UKHospitality has welcomed the government’s decision to increase the threshold for Business Property Relief (BPR) from £1m to £2.5m, a change due to take effect in April 2026.
The trade body said the move would help protect family-run hospitality businesses, particularly those operating in rural and coastal communities, after warning that earlier inheritance tax changes put many firms at risk.
It comes as UKH had consistently advised reforms to BPR, following research that revealed 47% of hospitality businesses were affected by the changes.
Members of the organisation have highlighted what they described as severe real-world consequences. Oak Taverns said it had paused growth plans and was instead considering which pub it would need to sell to meet a future tax bill.

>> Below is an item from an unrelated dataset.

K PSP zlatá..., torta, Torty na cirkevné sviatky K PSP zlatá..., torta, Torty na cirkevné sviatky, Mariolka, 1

The Empire Hotel in Llandudno likewise warned it would ultimately close rather than pay the inheritance tax charge, while Milsom Hotels and Restaurants said the original proposals would lead to job losses.
While the higher threshold was a positive step, UKH still expressed concern that many businesses would still face substantial inheritance tax liabilities. In light of this, the trade body has called on the government to continue working with the sector on further solutions.

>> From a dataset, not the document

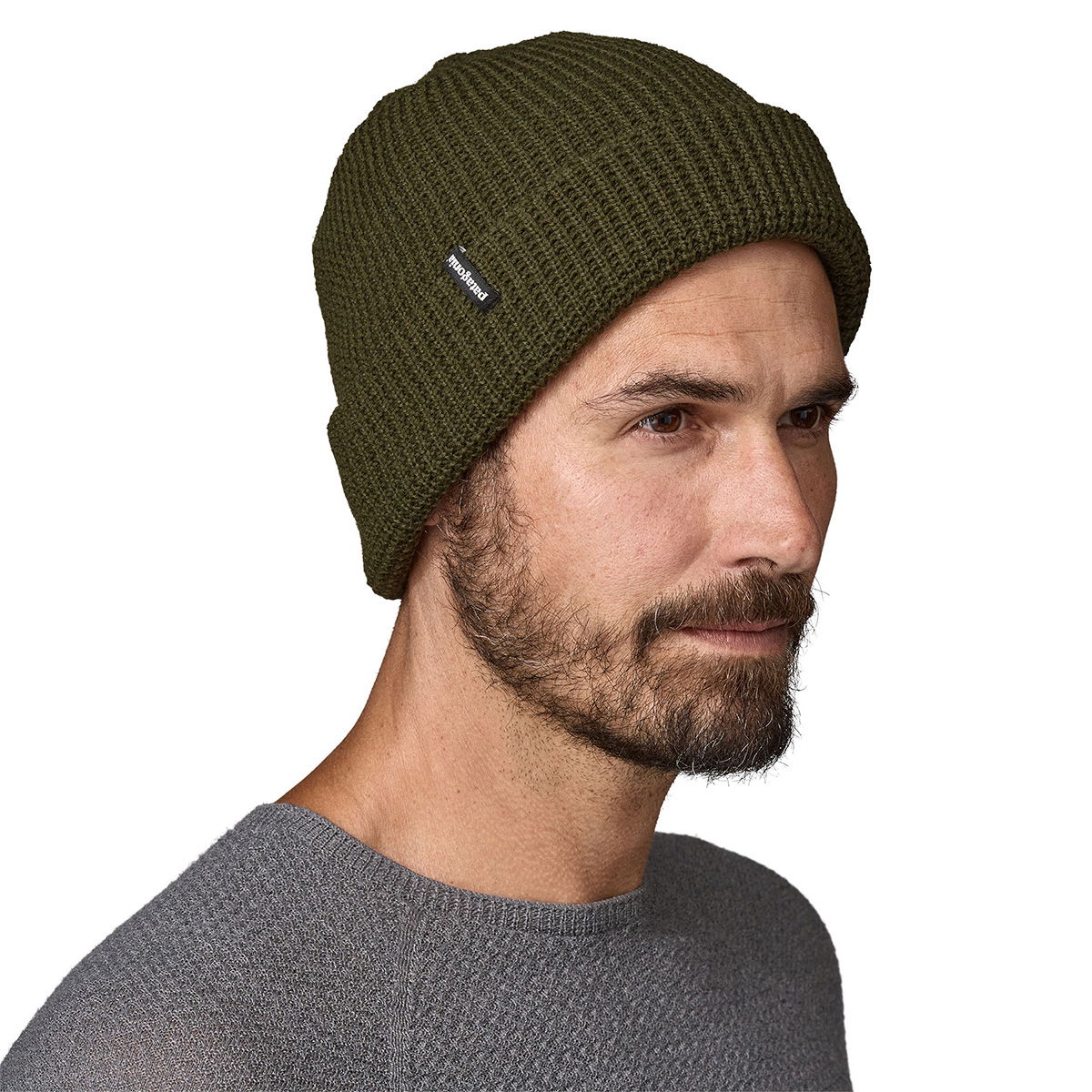 Patagonia SnowDrifter Beanie (Pine Needle Green)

Kate Nicholls, chair of UKH, said: “Family-run businesses are part of what makes much of hospitality so special, with generation after generation taking on the family pub, restaurant or hotel to continue its legacy.
“We have worked extensively with the treasury and MPs across parliament to highlight the unintended consequences of this policy and the impact it could have on local communities, particularly in rural and coastal areas.”
She added: “I’m pleased these concerns have been heard loud and clear, and that the government has acted. This does go some way to safeguarding family-run hospitality businesses. It’s critical this engagement with the sector continues, as there is still more that can be done.”